Wednesday, 8 June 2011

Refugee Protection: Policies by Number or a Creative Welcome...

...was the title of the Churches Refugee Network’s annual day conference on Saturday, held on June 4th, at Saint James’ parish church, Piccadilly. The whole area of UK Border Agency asylum policy and practice is rightly always under scrutiny in the media, but never more than in the media in the week running up to this year’s gathering of folk from all over the country, who work in specialised projects, or befriend individual asylum seekers and their families.
“Amnesty given to 160,000 asylum seekers”, was the headline in the Times. “Britain Opens the Door to Asylum Seekers”, declared the Daily Express. “HOW DREADFUL!” you are invited to think. “What ever is the Government doing, letting in 160,000 more unwanted people?”
But no one at the conference swallowed the bait, because they knew better. Over 50 attendees signed a statement, which explains, amongst other things, that large numbers of the 160,000, will be bonafide international refugees who have fled from violence and terror, torture and rape. Their applications for sanctuary in the UK had lain in administrative piles of paperwork over months and in some cases, years, whilst they were surviving in poverty. Many of them will have spent months in detention, because they arrived illegally and, not knowing our laws and language, did not immediately explain why they had left home in the first place.

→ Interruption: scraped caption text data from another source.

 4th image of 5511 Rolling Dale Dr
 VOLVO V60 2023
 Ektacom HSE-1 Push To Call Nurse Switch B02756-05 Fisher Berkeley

The headlines did not disclose either that the so called “amnesty” had actually been taking place over several years, as paperwork gradually emerged from the constipated system, or that people seeking Sanctuary, are not in the same situation as people who are judged to be economic migrants. (Although this group too deserves compassion, they are not defined as International Refugees.) The numbers of people currently claiming sanctuary is just a small proportion of the net ebb and flow of those overstaying their visas. The majority only claim asylum because they dared not remain a moment longer at home. They have left everything and fled. This ‘demonization’ of this truly vulnerable group of people, by some of our media, is totally unacceptable.
The day after the Conference, the Sunday Express carried the lead headline, “Asylum Gravy Train”, reporting that, “Foreign companies, private health care providers, property businesses, even a luxury travel agent, are being paid hundreds of millions a year in a bid to contain thousands of illegal migrants.” But, hang on a moment: are we talking about ‘asylum seekers’, or all ‘illegal migrants’? It is not the asylum seekers who are at fault – it is the inhuman administrative mess, that they are forced to suffer. What happens to our human compassion when it comes to receiving traumatised people who are just looking for ways to escape experiences of fear and pain?
The Conference was a huge success. Dr Anna Rowlands, a lecturer at St Margaret’s Institute of Theology in Cambridge, our first keynote speaker, shared her paper, ‘Human Rights for Real Humans: past and present views and practices in religion and politics’. Frances Webber, who has recently retired as a senior Human Rights/Immigration barrister with Garden Court Chambers, gave us a wonderfully complementary view on the social and political reality for people seeking Sanctuary in the UK. “Why is it”, Frances Webber asked us, “that a newspaper will be reporting the appalling suffering and breakdown in overseas communities on one day and then later, demonises the very same people who have turned to us for help?”
After a delicious lunch, prepared by Migrant Voices, Gillian Allnutt, the published poet from the north east England, put us in touch with the feelings of some sanctuary seekers, as she read poems they had contributed to her project, ‘The Galloping Stone’. And the African band, Zvichanakachete, had us dancing in the aisles!